Texts to Meadows also show that Republican lawmakers began rounding up objections to the certification of the 2020 election just hours after Trump tweeted about a “major protest” that the House Committee on Jan. 6 said it was mobilizing far-right groups to prepare to storm the government. Capitol.
The former president sent the pivotal tweet in the early hours of December 19, 2020. The panel previously described it as the catalyst that prompted the Proud Boys and Oath Keepers groups, as well as “Stop the Steal” activists, to hinder certification. .
But the tweet also coincided with efforts by Republican lawmakers to finalize objections to congressional certification of Joe Biden’s election victory, new lyrics sent to Meadows from some of Trump’s most ardent supporters on Capitol Hill.
Hours after Trump sent his tweet, Republican Congresswoman Jody Hice sent a message to Meadows, according to the texts in the book, saying he would “lead his state’s objection on Jan. 6” — days before Trump is known to be dead. met with Republicans in the White House to discuss it.
The congressman also told Meadows that Trump “spoke” to Marjorie Taylor Greene, a far-right Republican elected to a Georgia house seat but yet to be sworn in, and was interested in meeting the ultra-conservative House Freedom Mediator.
Hice’s messages to Meadows came at a critical time: It was the Saturday after a controversial Friday meeting at the White House, where Trump amused himself by confiscating voting machines and installing a conspiracy theorist attorney, Sidney Powell, as a special counsel to investigate electoral fraud.
The meeting to object to Biden’s January 6 victory was originally scheduled for the following Monday, December 21, 2020, but was moved to the following Tuesday, according to the book, citing additional messages from Republican Congressman Brian Babin.

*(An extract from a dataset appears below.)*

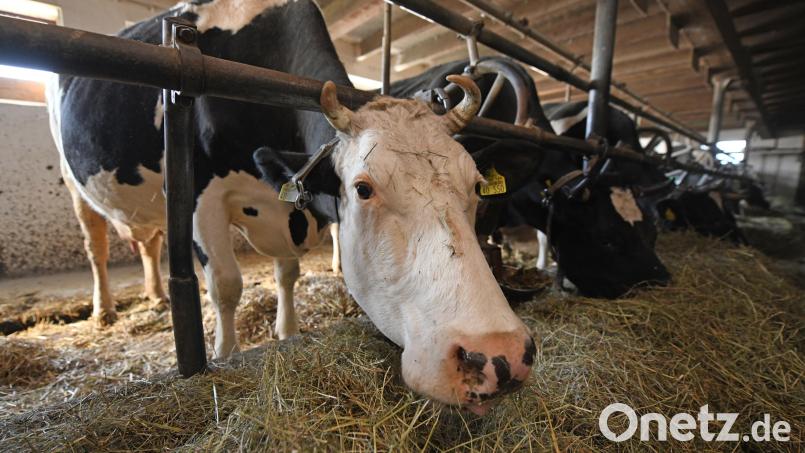 Im Landkreis Amberg-Sulzbach sind 23 Rinder verendet. Der Landwirt, der sich selbst angezeigt hat, gab an, er habe wegen gesundheitlicher Probleme die Tiere nicht ausreichend versorgen können. Symbolbild: Patrick Seeger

Nine days after meeting Trump, Republican members of Congress appeared to be finalizing their objection plans, and Babin texted Meadows to say the “objections” would hold an additional strategy session at the Conservative Partnership Institute, which was hosting for other 6 January. attempts.
The timing of the new texts to Meadows raised the prospect that Trump’s tweet advanced several plans that worked together, with Republican objections over alleged fraud giving Pence a pretext to throw out Biden votes because rioters blocked proceedings.